Molto più emblematico e significativo di quanto il suo valore artistico e i contenuti espressi possano far pensare: "Breaking Hearts" del 1984, diciottesimo album in studio di Reginald Kenneth Dwight: nei quattro dischi precedenti il Nostro aveva trovato una relativa tranquillità artistica e prosperità creativa, attestandosi su un pop di ottima fattura e riuscendo a comporre dei piccoli capolavori purtroppo poco riconosciuti come "Sartorial Eloquence", "Just Like Belgium", "All Quiet On The Western Front" o "One More Arrow" per citarne alcuni, nei due successivi crollerà di schianto; schiacciato dai suoi vizi e incapace di ritrovare lo stile e l'ispirazione che l'avevano reso unico, con "Nikita" come unica canzone degna di nota, e il tormentato "Breaking Hearts", che sta proprio in mezzo a questi due periodi è l'album di transizione per eccellenza nella carriera di EJ: 10 canzoni che si susseguono senza un apparente filo logico, divise tra la più totale inconsistenza e futilità e l'innato talento di un genio della musica pop ancora capace di colpire nel segno prima della crisi più nera del suo percorso artistico.

Di certo il primo approccio con "Breaking Hearts" è di quelli che colpiscono, ma non certo in positivo: "Restless" e "Who Wears These Shoes", sbiaditi easy-rock dal retrogusto funky senza né capo né coda, canzoni di plastica insomma, che non riescono a trasmettere un bel niente, e anche pezzi più energici come "Slow Down Georgie", "Lil' Frigerator" e "Did He Shoot Her?" non convincono appieno, risultando poco più che una copia patinata, anonima e priva di mordente del lato più rock di EJ, che nella decade precedente riusciva ad esprimersi a ben altri livelli, ma "Breaking Hearts", come ho già detto, non è solo l'album della povertà e della scanzonata mestizia della canzoni sopraccitate; Elton John è ancora capace di inventare qualcosa di originale e piacevole, come l'indolente, solare e velatamente ironico incedere calypso di "Passengers", di cui fu girato un divertente videoclip e la conclusiva "Sad Songs (Says So Much)", unico esempio in tutto il disco in cui coretti e sintetizzatori riescono a fare da contorno ad una canzone realmente catchy e divertente; niente di eccezionale ma decisamente superiore alla media di questo controverso album, ed è soprattutto nelle ballate, dove non cerca di suonare forzatamente allegro e a'la page, che il Nostro riesce a dare il meglio di se, come dimostrano la soffusa e vagamente melodrammatica titletrack "Breaking Hearts (Ain't What It Used To Be)" e soprattutto "In Neon", ballad elegante e piacevole dal sapore agrodolce, autoironico e spiccatamente autobiografico, in cui EJ si concede il lusso di citare se stesso rispolverando l'attacco di "Roy Rogers"; attestandosi così su ottimi livelli che non verranno più toccati nei successivi quattro anni, e sparando così le sue ultime frecce prima del collasso.
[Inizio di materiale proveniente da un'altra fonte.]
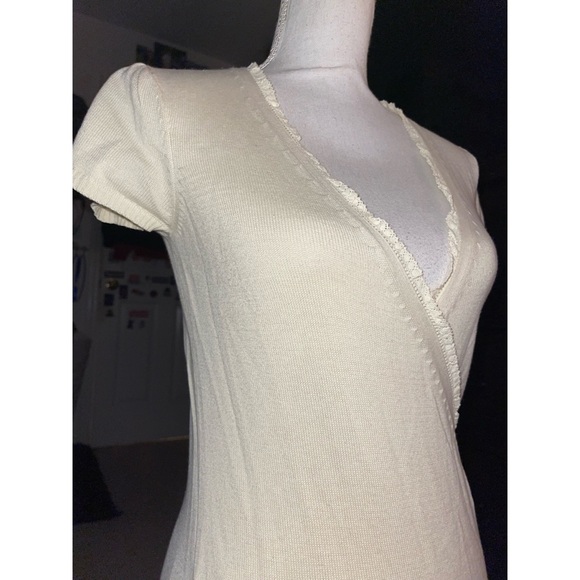 Women’s Cream Old Navy Brand Perfect Fit Sweater NWT 🤎 - Picture 8 of 17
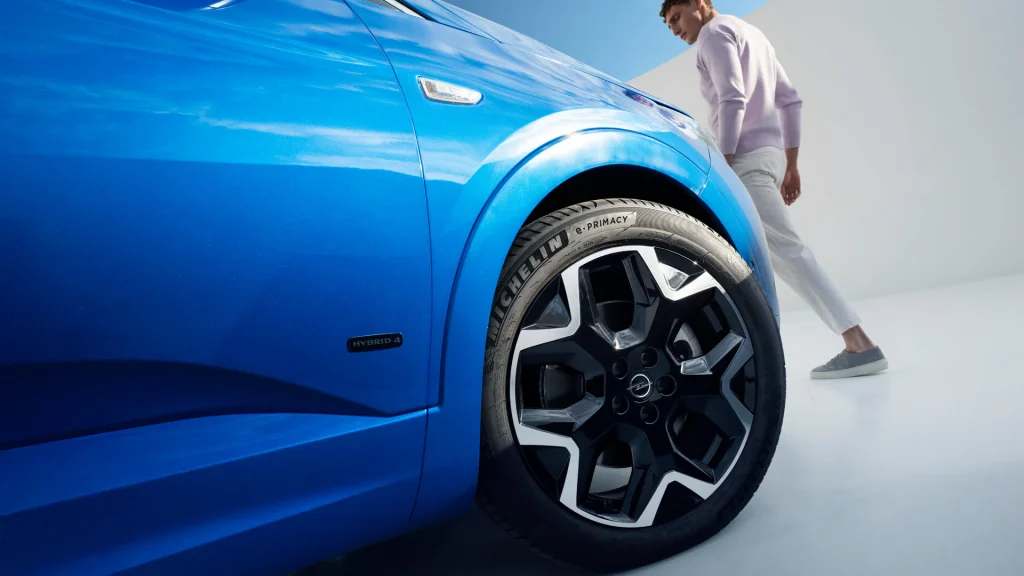 opel_grandland_hybrid_exterior-wheel_16x9_gr22_e01_064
E così "Breaking Hearts", questo album che non rientra neppure tra i migliori venti composti da Elton John, privo di un'identità precisa e per metà da stroncare senza appello si rivela invece un episodio unico nella discografia del Nostro, che non si era mai mostrato così Dr. Jekyll e Mr. Hyde in un solo disco, ma dopotutto questo è l'album di transizione per eccellenza, l'album di un artista "on the razor's edge", sull'orlo del precipizio ed è proprio questa peculiarità a conferisce a "Breaking Hearts" un valore e un motivo per essere ricordato, anche se in termini sicuramente più storici che non musicali e artistici.